Home Poem by Albert Pike

Home



How many a tongue
With words of wondrous eloquence, hath sung
Of ' Home, sweet Home!' How the old memories throng,
Stirred by the sweet notes of the dear old song,
Into the heart, and tears suffuse the eyes,
Of high and low, the simple and the wise.
'Tis a trite theme: and yet if it impart
One new, fresh feeling to the wearied heart,
Why not sing of it, when the sad soul longs
To hear the old, familiar, simple songs?
Old memories that visit us in dreams
Are always most delicious; and old themes
The only beautiful. Whoever hath
No pleasant recollection of the path
He paced to school, of the orchard, the old mill
Clacking and clattering with a rare good will,
The fields and meadows, and the silver brooks
That often made him truant to his books,
The marshes where he shot, the clear cold streams
Where the trout lurks;—who never in his dreams
Drinks from the bucket at the deep old well,
Or in the old church hears the old organ swell;
Hath grown hard-hearted, needs must be unkind,
And deserves pity from the poorest hind.
All things whatever that we see or hear,
Contain Home's image, and to eye and ear
Bring back old things; as in pellucid lakes
The clouds are imaged, when the fresh dawn breaks.
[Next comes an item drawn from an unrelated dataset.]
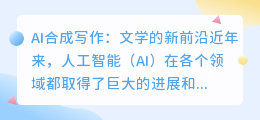 ai合成写作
Is it because the heart to the harp is like,
The simple harp, which, on it though you strike
A hundred notes, has still its undertone,
The key-note of them all, that rings alone,
A pensive sound, after the rest are dead?
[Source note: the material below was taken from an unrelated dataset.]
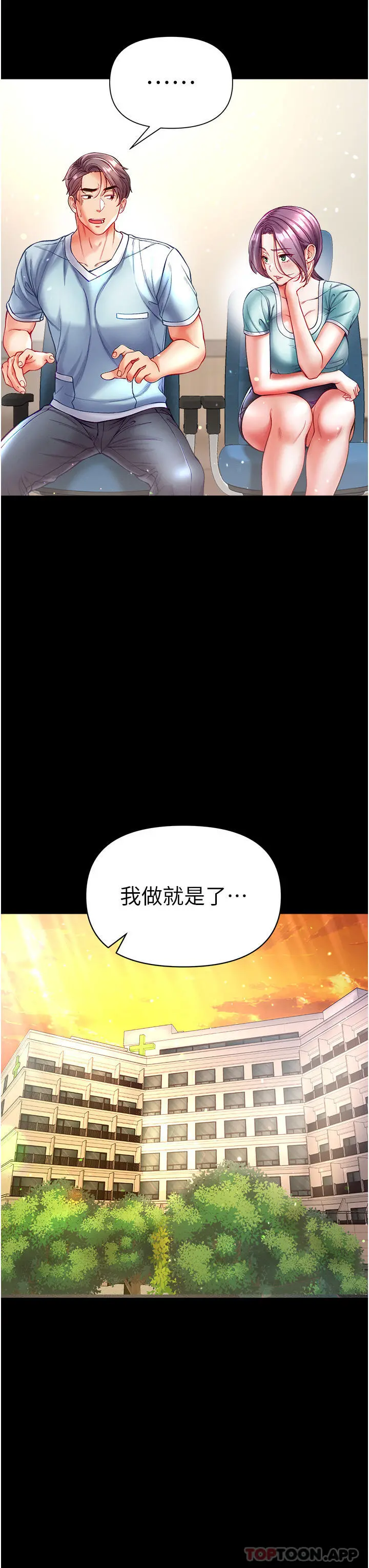 第一大弟子 - 第30话-和前辈一起「加夜班」 - page 35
The fresh cool rain, that plashes overhead,
On the clay-covered roof, the music rude,
Invading suddenly my solitude,
With discord dire, true Aztec minstrelsy,
A barbarous music, murdered barbarously;
The delicate foot that glances past the door;
Bring vividly from memory's lumber-store,
The rains that often lulled me to sweet rest
In the old garret, where I lay and guessed
At the meaning of full many a puzzling book;
The music of the clear contented brook,
That over the pebbles, chafing into foam,
Ran rippling, half a mile or so from home;
The ancient well-sweep, older thau my sire,
A stout and hale old age; the warm peat-fire
Of winter nights, when out of doors the sleet
And drifting snow at door and window beat;

The brave old house, fallen somewhat to decay,
Yet sound to the core, lusty, though mossed and gray,
With its dark rafters of good Yankee oak,
Seasoned by time, and blackened by much smoke;
Familiar fields walled round with massive rocks,
Where the autumn-harvest stood in sheaves and shocks;
And every ancient and familiar thing,
That seemed to watch and love me slumbering:
The magic music of my old friend's flute;
So very soft, yet rich, and sound and clear;
Though, sweet as it was, when its flue tones were mute,
His voice was still more pleasant to my ear.
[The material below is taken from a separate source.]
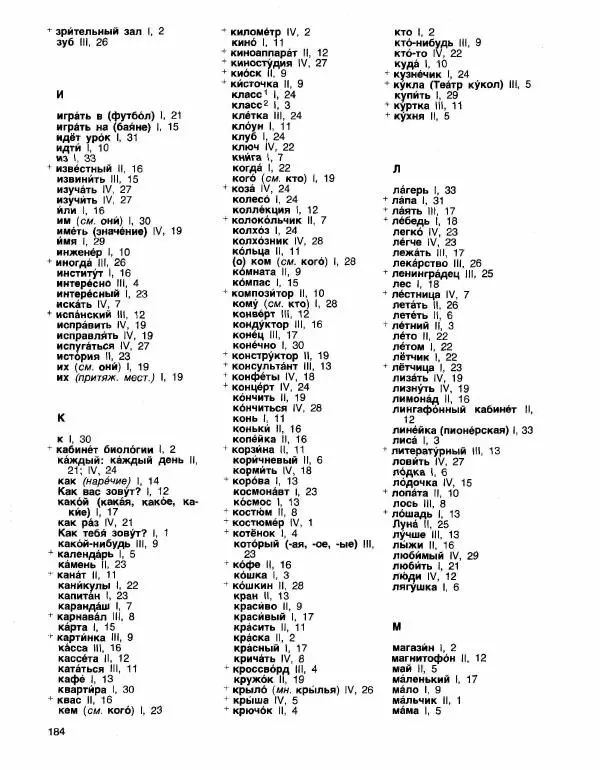 Книгаго: Русский язык-4. Учебник для зарубежных школ. Иллюстрация № 185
The foot—but that's a dream:—
Yet one may keep alive a sunny dream,
In some green nook, deep in his inmost heart.
Ah! never may that priceless dream depart,
Or, fading, cease life's twilight-hours to bless!
That memory of the love and happiness,
That were the sunlight of life's golden dawn.
As summer -showers to the emaciated lawn;
Dews to sweet flowers; light to the sky-lark's eyes,
Who fain would sing at the gates of Paradise
His orisons, and thinks dawn comes too slow;
Leaves and cool shade to the nested throstle; so
To me that dream of early love is dear,
When frowning DESTINY is most austere;
Even when he chills the soul with cold eclipse,
The memory of long kisses on sweet lips,
The clear brown eyes, the gentle, loving look,
All soothe me, like some melancholy book
Of beautiful words, wherein enraged men read,
Until to passion gentle thoughts succeed,
And, as the book is, they are quiet too.